27.05.2010
“Knowledge on the Move” and “Climate Engineering” in Heidelberg
“Knowledge on the Move” and "Climate Engineering” are the topics of two interesting summer schools for which up-and-coming scholars are invited to apply by 31 May 2010.
The summer school at the Karl Jaspers Centre for Advanced Transcultural Studies from 25 to 29 July 2010 will explore the different ways in which knowledge has been historically transformed as it has moved through different regions, cultures and polities. “The global sharing of knowledge is far from being a purely modern, let alone post-modern, phenomenon,” explains the organiser of the summer school, Prof. Dr. Joachim Kurtz. “Knowledge has a long history of moving from one part of the globe to another and has always played a key role in the emergence of cultures of knowledge all around the world." The summer school lecturers, seminar and workshop leaders come from a wide array of different countries, including Israel, India and the USA. One particularly interesting component offered as part of the summer school is the course on “digital storytelling in scientific and intellectual history” which explores new methods of presenting science and philosophy with the aid of digital narrative techniques, such as podcasts and short films. The organiser is the “Asia and Europe in a Global Context” cluster of excellence at the University of Heidelberg.

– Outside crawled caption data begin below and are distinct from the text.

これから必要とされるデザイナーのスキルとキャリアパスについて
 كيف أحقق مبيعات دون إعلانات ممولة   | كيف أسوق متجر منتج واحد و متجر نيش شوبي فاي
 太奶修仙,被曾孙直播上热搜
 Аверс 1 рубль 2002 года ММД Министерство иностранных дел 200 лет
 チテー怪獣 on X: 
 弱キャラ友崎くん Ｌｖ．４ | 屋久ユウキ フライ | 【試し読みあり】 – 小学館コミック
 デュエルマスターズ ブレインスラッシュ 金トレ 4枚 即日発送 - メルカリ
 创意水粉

The Marsilius College at the University of Heidelberg is collaborating with the University of Calgary (Canada) and the Carnegie Mellon University (USA) on the summer school entitled “Governing climate engineering” which, from 12 to 16 July 2010, will discuss the opportunities and risks implicit in systematic attempts to engineer climate changes. “Not even a drastic reduction in greenhouse gases will now be able to neutralise the impact of climate change and all the risks which such developments imply. The best we can hope for is to limit the scale of change,” emphasises Prof. Dr. Ulrich Platt from the Institute of Environmental Physics at the University of Heidelberg. Professor Platt is one of the coordinators of the research group at the Marsilius College at which scientists from various disciplines have been studying “climate engineering” technologies, policy strategies and legal instruments since mid 2009. The interdisciplinary event will be held at the Max Planck Institute for Comparative Public Law and International Law in Heidelberg.